Vous savez, quand on a commencé il y a 13 ans en Afrique du Sud, l’une des critiques formulées a été de dire qu’ils sont en train de mettre en place des centres d’excellence pour favoriser la fuite des cerveaux. Aujourd’hui, à toutes ces personnes, je réponds par les chiffres. 70% des étudiants que nous avons formés, depuis 10 ans, se trouvent dans le continent. Les 30% restants qui ne sont pas dans le continent, il y a 80% qui sont en train de faire leur thèse de doctorat dans les universités et qui ont des projets de retour en Afrique. Il y a 10% parmi lesquels, il y a certains qui sont en train de travailler sur des projets scientifiques internationaux.

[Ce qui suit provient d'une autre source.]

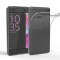 Husa Silicon Sony Xperia Z5+ Clear Grey Ultra Thin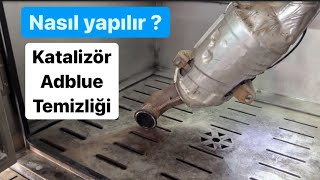 Peugeot 301 // Katalizör partikul ad blue temizliği / çekiş düşüklünü bulamıyoruz / egzost temizliği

Je vous donne un exemple. Il y a un ancien étudiant du nom de Martial qui a été formé à AIMS en 2004, qui aujourd’hui est le Directeur de recherche au centre d’études épidémiologique de Yelle aux Etats-Unis. Il est en train de travailler sur un sujet qui concerne l’Afrique. Il s’agit des liens entre la malaria, le VIH et la bilharziose. Voilà un monsieur aux Etats-Unis qui travaille sur un sujet qui est cher à l’Afrique. Je peux vous citer plusieurs exemples comme ça. Il y a un autre étudiant que nous avons formé en 2009 qui s’appelle Tabita qui est du Kenya. Il a développé un outil d’évaluation de la solvabilité des clients des banques commerciales. Aujourd’hui, grâce à cette invention, dont il est le premier inventeur, il a été recruté par la Banque Mondiale pour généraliser et prendre cet outil au niveau du continent africain. Si c’est ça la fuite des cerveaux, j’encourage la fuite des cerveaux. A ceux-là qui le disent, ils n’ont qu’à consulter notre site.

Vous m’avez dégagé tout à l’heure les critères d’implantation d’un centre dans un pays. Mais certains soupçonnent des lobbies pour avoir un centre dans leur pays. Que répondriez-vous ?

Je ne parlerais pas de lobby. Vous savez, nous sommes une institution à but non lucratif donc on n’a pas de pouvoir. On n’a que le pouvoir scientifique. Je pense que chaque Etat est conscient du rôle des sciences mathématiques dans l’émergence et le développement soutenu ou soutenable de leur territoire. Donc c’est une volonté de transformer et de promouvoir la transformation de leur pays.  Je les encourage. Ils veulent le meilleur pour leur pays. Si c’est ça que vous appelez lobby, je crois que c’est du bon lobbying. Un lobbying qui ne vise pas à exploiter les Africains, mais qui vise à promouvoir la transformation de la richesse culturelle et naturelle de l’Afrique.